This ought to be an entertaining day--at work while trying to hang on to some thin scrap of wakefulness.
Wish me luck.
Come to me
Run to me
Do and be done with me
(Cold Cold Cold)
Don't I exist for you
Don't I still live for you
(Cold cold cold)
Everything I possess
Given with tenderness
Wrapped in a ribbon of glass
Time it may take us but God only knows
How I've paid for those things in the past
Dying is easy it's living that scares me to death
I could be so content hearing the sound of your breath
Cold is the color of crystal the snowlight
That falls from the heavenly skies
Catch me and let me dive under under
For I want to swim in the pools of your eyes
I want to be with you baby
Slip me inside of your heart
Don't I belong to you baby
Don't you know that nothing can tear us apart
Come on now come on now come on now
Telling you that
I loved you right from the start...
But the more I want you the less I get
Ain't that just the way things are...
Winter has frozen us
Let love take hold of us
(Cold cold cold)
Now we are shivering
Blue ice is glittering
(Cold cold cold)
Cold is the colour of crystal the snowlight
That falls from the heavenly skies
Catch me and let me dive under
For I want to swim in the pools of your eyes
-- 'Cold,' Annie Lennox, from the Diva CD.
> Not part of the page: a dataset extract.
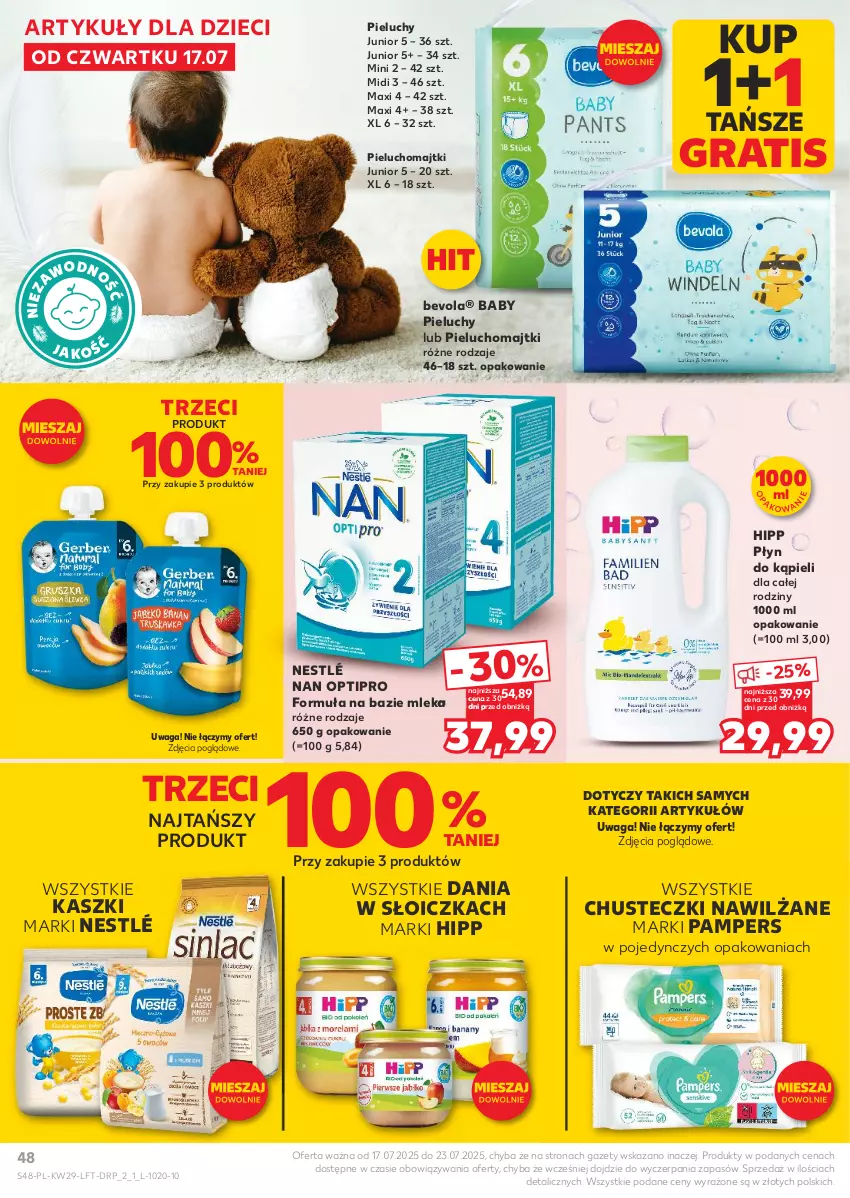 Gazetka promocyjna Kaufland - Gazetka tygodnia - ważna 17.07 do 23.07.2025 - strona 48 - produkty: Chusteczki, Dzieci, Gra, HiPP, Majtki, NAN Optipro, Nestlé, Pampers, Pieluchomajtki, Pieluchy, Płyn do kąpieli, Waga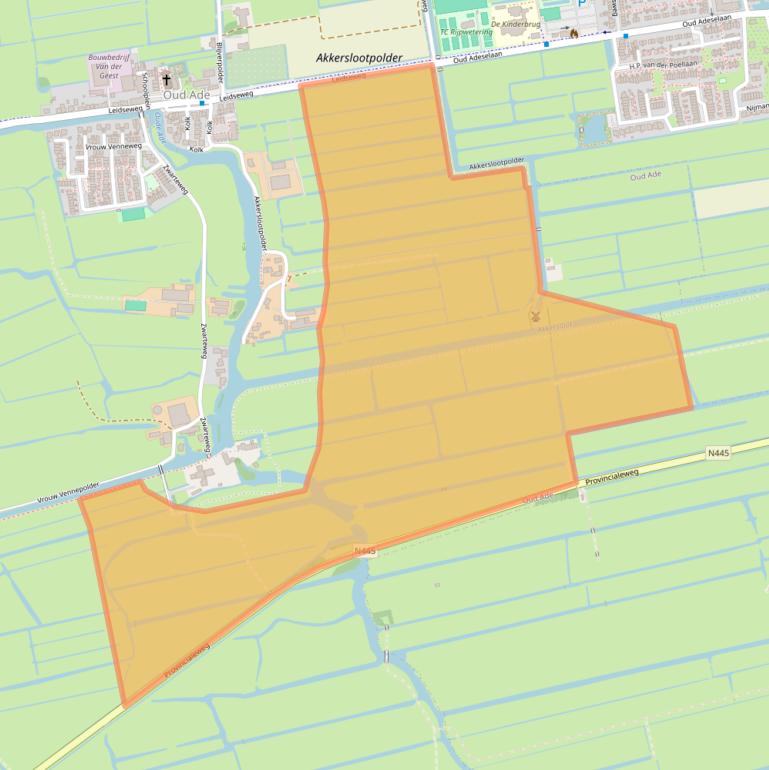 Kaart van postcodegebied 2374AB.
Some songs just speak to me, and I don't even know why.
And this song is absolutely phenomenal in concert.
How you turn my world you precious thing
I'm not sure what it is lately, maybe it's hormones, maybe it's the upcoming masquerade (eeee, I ordered my dress and got my wings, now I just need to find a mask!), maybe it's rediscovering a fandom that I loved and have sorely missed, I don't know, but I am seriously obsessed with Labyrinth these days.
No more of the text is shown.